Putting it all together, what we optimize are the entries of the matrices $Q_1,Q_2$ that make the polynomials $s(x)=x^T Q_1 x,t(x)=x^T Q_2 x$ sums of squares, which means imposing the constraints $Q_1 \geq 0, Q_2 \geq 0$. Then Eq. (1) is a linear constraint on the entries of the matrices $Q_1,Q_2$. This gives you you have a semidefinite program you can input to your SDP solver.

Answer 2

Well, it is definitely not the best answer from the practical point of view, however, it does two things. Firstly, it proves an existence of such polynomial. Secondly, by working out some constants, one can try to get an upper bound on the degree.

Suppose, that we are given $x_0<x_2<...x_n$ and $y_0<y_2<...y_n$ and we are looking for an increasing polynomial such that $P(x_i)=y_i,$ $0\le i\le n.$ It easy to construct a $C^1[x_0,x_n]$ function $f,$ such that $f(x_i)=y_i$ and $f'(x)\ge\delta>0$ for some real $\delta.$ For each $\varepsilon > 0$ there exists a polynomial $P_{\varepsilon}$ such that $$\|f'-P_{\varepsilon}\|\le \varepsilon.$$ Consider $$Q_{\varepsilon}(x)=y_0+\int_{x_0}^{x}P_{\varepsilon}(t)dt.$$ Then, $\|f-Q_{\varepsilon}\|\le \varepsilon (x_n-x_0).$ Let $R_{\varepsilon}$ be the Lagrange polynomial, which interpolates $R_{\varepsilon}(x_i)=y_i-Q_{\varepsilon}(x_i),$ $0\le i\le n.$ Consider a liner operator $A: \mathbb{R}^{n+1}\to \mathbb{R}^m,$ such that $A(z_0,z_1,...z_n)=R'(z_0,...z_n),$ where $R'(z_0,...z_n)$ is a derivative of Lagrange polynomial $R,$ such that $R(x_i)=z_i.$ Since this operator is a linear operator between two finite dimensional spaces, there is a constant $C,$ such that $\|R'\|\le C\max |z_k|.$ Choose $\varepsilon > 0 $ such that $C(x_n-x_0)\varepsilon+\varepsilon \le \delta.$ For $R_{\varepsilon}=R_{\varepsilon}(y_0-Q_{\varepsilon}(x_0)...y_n-Q_{\varepsilon}(x_n)),$ we have $\|R'\|\le \delta-\varepsilon$ and it is easy to see that $R_{\varepsilon}+Q_{\varepsilon}$ satisfies all the requirements.

Answer 3

Ignoring the question of minimizing degree, it is certainly possible.

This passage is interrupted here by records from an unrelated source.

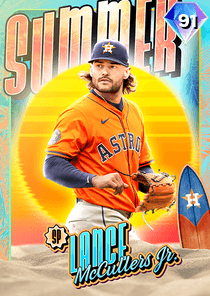 Player Card 20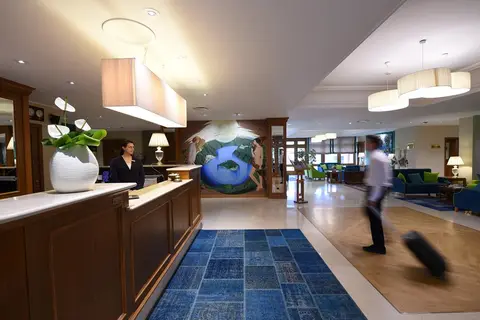 Iseolago Hotel in Iseo, foto 6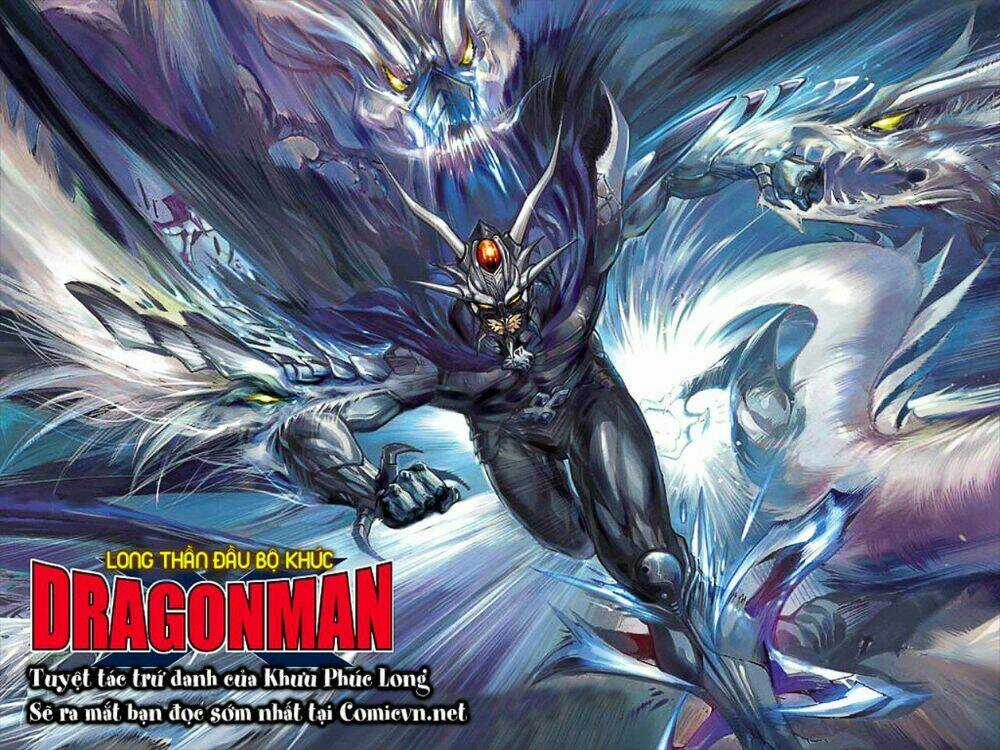 Thiên Tử Truyền Kỳ 5 - Như Lai Thần Chưởng Chapter 214 trang 39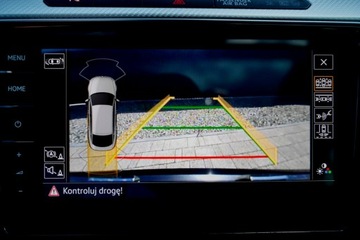 Volkswagen Arteon Fastback 2.0 TDI 190KM 2020 Volkswagen Arteon JEDYNY W PL kamery FUL LED digit, zdjęcie 32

One can find a positive function $f$ for which, if $p'$ is close to $f$ on the whole interval then $p = \int^x f(t) dt$ (with integration constant chosen so that $p(x_1)$ is close to $x_1$), then $p(x)$ will approximate the data points to given accuracy. Choose some positivity-preserving approximation scheme such as Bernstein polynomials to get a positive polynomial $p'$ within any desired distance of $f'$ on an interval containing all $x_i$. Integrate to produce $p$.

Answer 4

I'm presuming that since you said "fit", the polynomial doesn't have to pass through your given points.

I would say that LS indeed is good enough for your purposes. You can do things stepwise (if you fit using orthogonal polynomials, this is quite easily done) and either monitor your polynomials graphically (see plots of your polynomial and the original points) or monitor quantities like the (adjusted) $R^2$ as you increase the degree of your fitting polynomial.

Answer 5

If there is no actual constraint that the function must be a polynomial, you can adopt a trend filtering approach. See the python library trendfilter (which I wrote). Rather than controlling smoothness through the number of polynomials (a parametric approach), you do so directly with regularization coefficients. Effectively, you are saying: I want a smooth function unless there is a enough evidence in the data telling me that it must be less smooth. And you can set monotonic to True and it will force the first derivative to be non-negative exterywhere.

def trend_filter(x, y, y_err=None, alpha_2=0.0,
             alpha_1=0.0, alpha_0=0.0, l_norm=2,
             constrain_zero=False, monotonic=False,
             return_function=False):